Since the late Ming Dynasty, issues related to family have been a challenge for missionaries and Chinese Christians alike. One of the first obstacles that many Chinese Christian converts were confronted with centered on ancestor “worship” and whether Christianity allowed rituals associated with this. The infamous Rites Controversy pitted Matteo Ricci’s Jesuits, who took an accommodationist position vis-à-vis Chinese ancestral rites, against Dominican and Franciscan missionaries, who successfully lobbied their case in Rome. Pope Clement xi officially banned such rituals for Chinese Catholics in 1704, which instigated the Kangxi Emperor to respond by banning missionaries who did not follow Ricci’s position. At the end of the Qing Dynasty, the veneration of ancestors was still a major concern for Chinese Christianity, but by this time Protestants had joined the debate. In the three large Protestant missionary conferences held in China in 1877, 1890, and 1907, “ancestor worship” occupied hours of debate and took up more space in the published proceedings of these conferences than any other topic.

By and large, Protestant missionaries condemned the “heathen ceremonies” connected to ancestors, such as bowing at graves or offering food and incense at ancestral halls, and encouraged Chinese Christians to steadfastly refuse to participate in these rituals. Spurning such activities was a contentious act, and early converts to Christianity in particular were often ostracized from their lineage and abused by relatives for forsaking their forefathers. Not only did many Chinese Christians reject certain ceremonies related to ancestors, they also often refused to contribute obligatory funds for lineage-based activities on the basis that their religious faith precluded this. The disposal of ancestral tablets by some Chinese Christians, often done in a performative fashion or by publicly handing them over to missionaries, further defined the chasm between Christian and non-Christian extended family members.

Christianity caused significant rupture to the Chinese family order not only at the lineage level but also within smaller family units, and particularly in terms of gendered familial roles. This is apparent in the articles in this special issue. It was not the original intent for this special issue to focus on gender issues in the history of Chinese Christianity, but four of the five papers do this. It is ironic, though not coincidental, that in China, typically (and historically) considered a very patriarchal society, much of the emphasis on making Christian families centered on women. Ideas related to the roles of females, such as gender equality, girls’ education, and companion marriage, were championed by churches decades before they were promoted by New Culture Movement urban intellectuals.
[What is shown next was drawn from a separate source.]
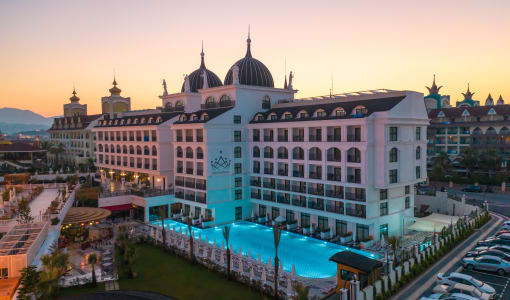 Side Royal Style Hotel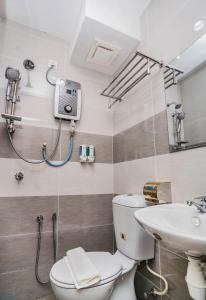 La salle de bains est pourvue de toilettes et d'un lavabo. dans l'établissement DCozy Hotel, à Perai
As shown by Anneke Stasson in the first article, the cultural and societal byproducts of Christianity were often revolutionary for Chinese Christians, particularly females. Churches encouraged converts to form new opinions and adopt new practices as daughters were educated and wives were given greater freedom. Christianity offered Chinese females new options that were not common in the traditional Chinese value system. For instance, Stasson shows how a disproportionate number of Chinese Christian females chose not to marry. Nearly three decades after the founding of Hwa Nan, a women’s college in Fuzhou, over 70 percent of the graduates (178 in total) had not married. Even though many missionary reports talk about female education as a primary way to prepare wives for male pastors and church members, it is clear that compared to traditional Chinese culture, Christianity placed females in an elevated position that afforded new freedoms which were transformational for many individuals.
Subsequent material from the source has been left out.